But it turns out that God had very specific ideas about my call and my continuing in ministry and despite all the set-backs my NEW church and I both feel called to ministry together.
There is so much that is night and day between this new church and the last church, but I'm not going to go into specifics because I have no need to bash any church on the internet.
Churches are full of humans. Sinful humans.
And that means that there are challenges. My NEW church will have challenges too, I am just grateful to have the opportunity to immerse myself into a church again.
And so I find myself in the weird situation of having about the shortest unemployment experience ever. From a financial and insurance standpoint we are saved, but there are still consequences from the last few weeks for me - particularly emotionally.
I can't shake this "the-sky-is-falling" feeling that we are temporarily safe and we are waiting for the next shoe to drop. On the other hand it feels like things are coming together so well that I want to remain upbeat about it.
I am off for the next two weeks. My new church wanted me to have time to transition and recouperate and I am grateful for the time. I hope that I can process the panicky feeling that the last month has left me with and come into my newest ministry ready to go and in tune with God's call in my life.
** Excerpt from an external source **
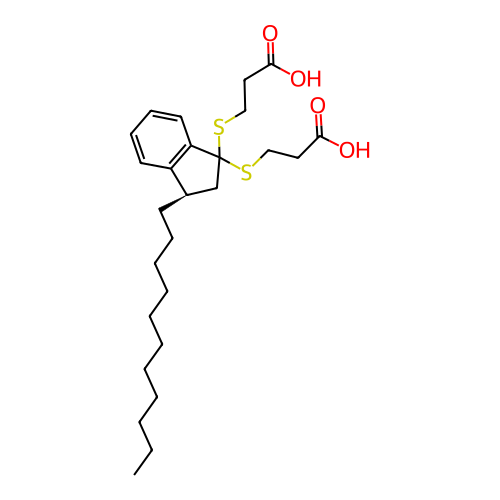 Chemical structure of BindingDB Monomer ID 50226371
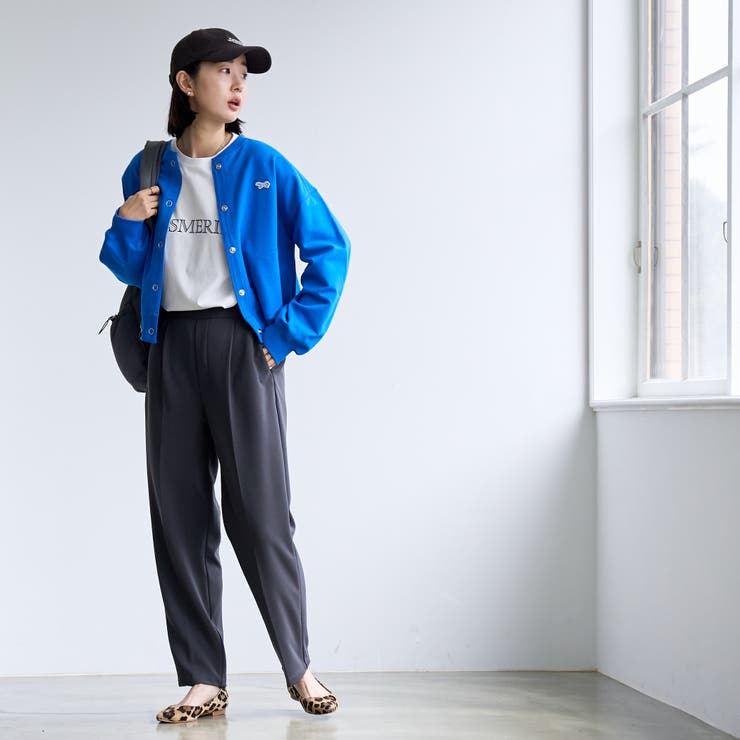 PENNEYS（ぺニーズ）別注インレイクルーネックカーディガン[品番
We went to church (a completely different church) today as a family. It was nice to sit and be present in worship without the stress that my old church gave me. Of course there was the stress of wrangling a very particular and particularly cranky baby goat. Thankfully there is something about his grinning face that melts the hardest of congregations hearts. There are memories of their own children in crinkled-eyed grins and the indulgent smiles to frazzled parents. And of course, like every time we've ever visited a church, Mr Goat was asked to join the choir by a cute little old lady. I can only hope that we'll have a similar welcome at our new church, but I have high hopes.